--- YOUR GOAL ---
Each entry is to be given again precisely, and no picture may be carried over.

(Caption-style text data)
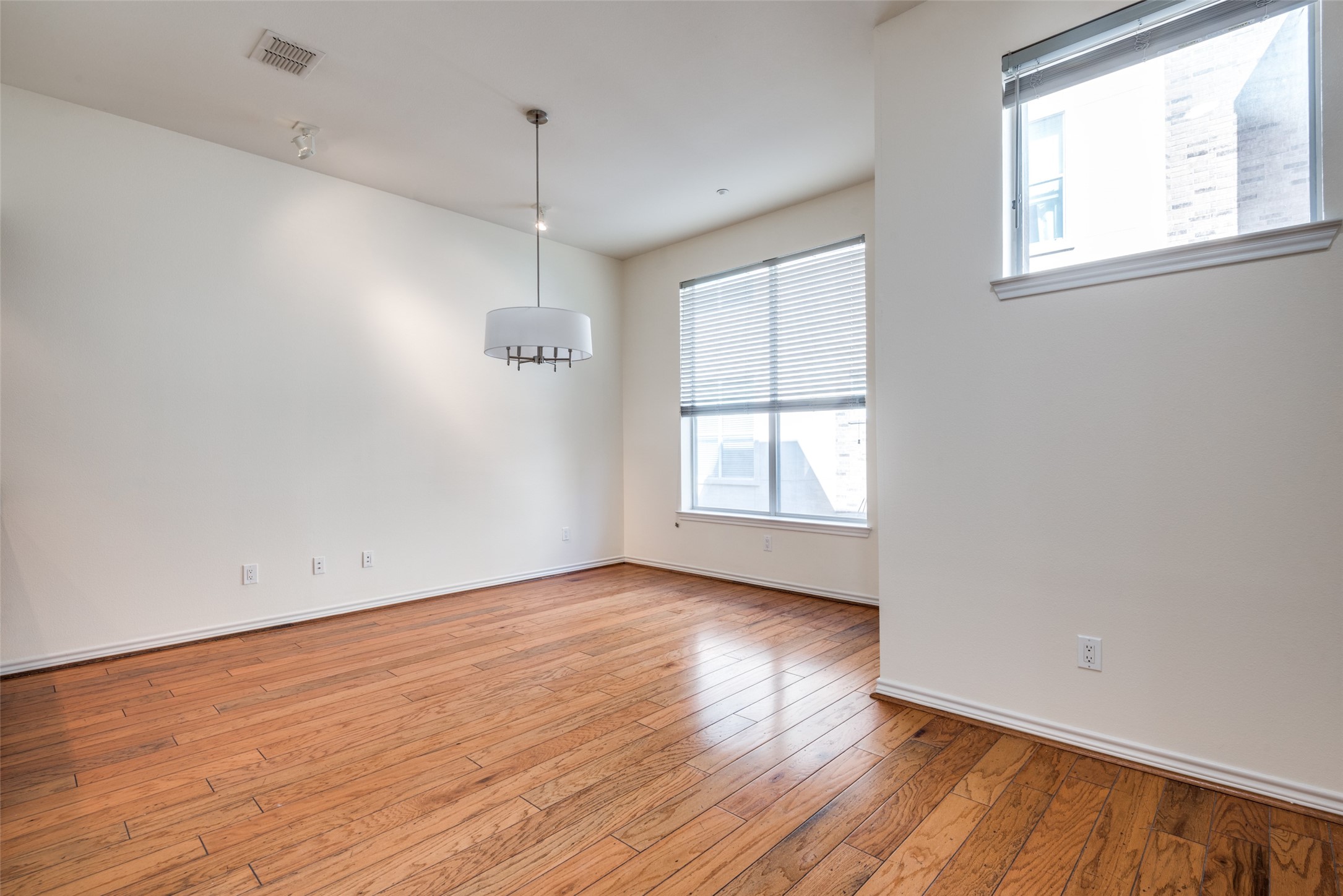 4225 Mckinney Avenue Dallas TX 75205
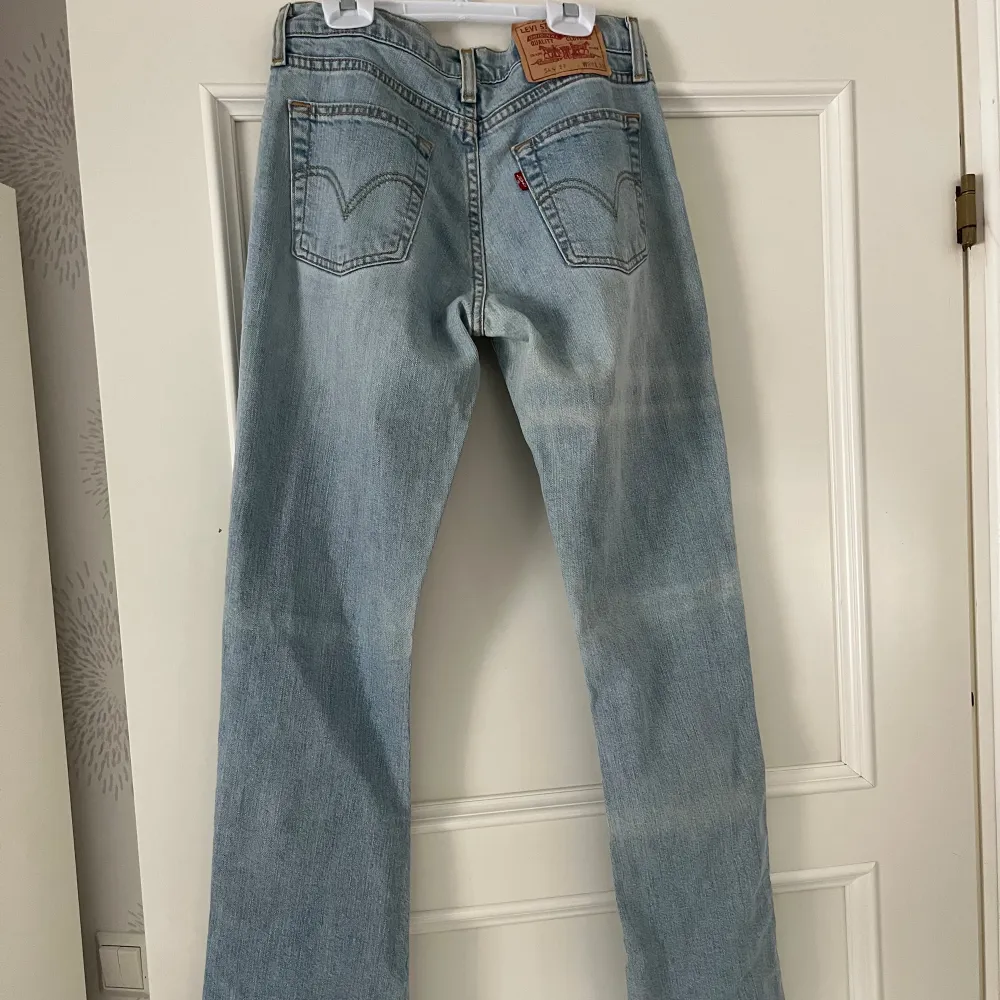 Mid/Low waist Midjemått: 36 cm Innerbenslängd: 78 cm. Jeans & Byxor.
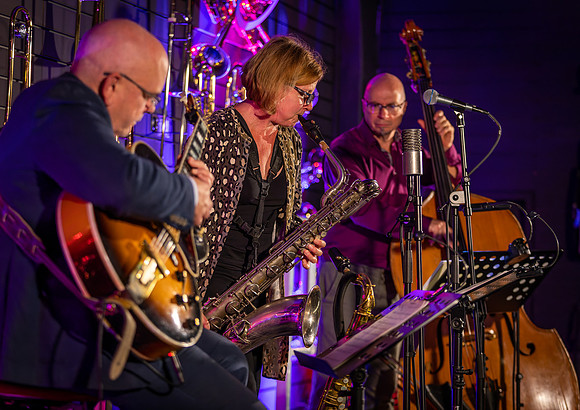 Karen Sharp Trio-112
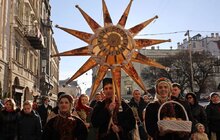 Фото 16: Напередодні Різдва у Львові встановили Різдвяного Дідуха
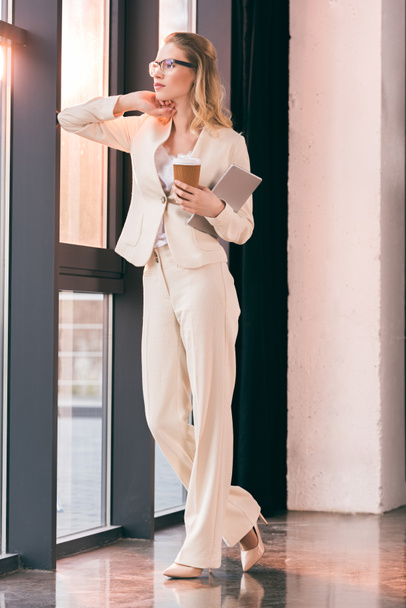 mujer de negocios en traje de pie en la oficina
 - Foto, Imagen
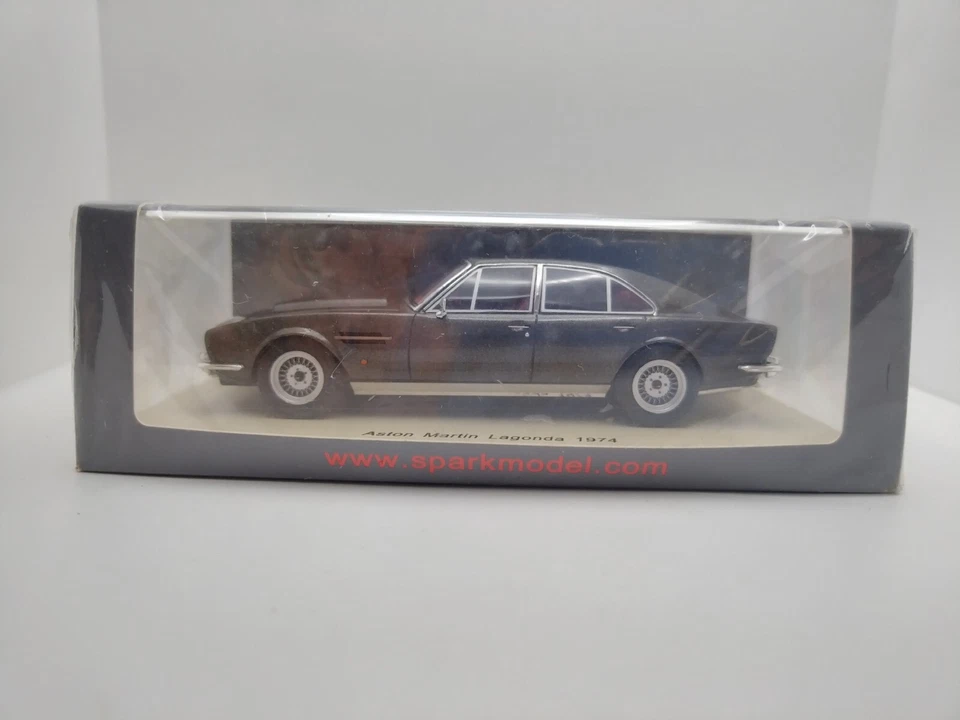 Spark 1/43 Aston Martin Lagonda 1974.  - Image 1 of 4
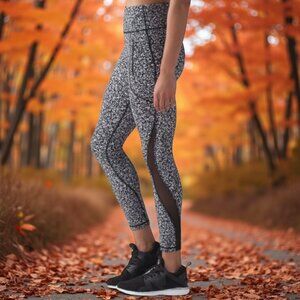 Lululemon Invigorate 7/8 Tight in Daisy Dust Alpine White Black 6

--- EXERCISE SOLUTION ---
 4225 Mckinney Avenue Dallas TX 75205
 Mid/Low waist Midjemått: 36 cm Innerbenslängd: 78 cm. Jeans & Byxor.
 Karen Sharp Trio-112
 Фото 16: Напередодні Різдва у Львові встановили Різдвяного Дідуха
 mujer de negocios en traje de pie en la oficina
 - Foto, Imagen
 Spark 1/43 Aston Martin Lagonda 1974.  - Image 1 of 4
 Lululemon Invigorate 7/8 Tight in Daisy Dust Alpine White Black 6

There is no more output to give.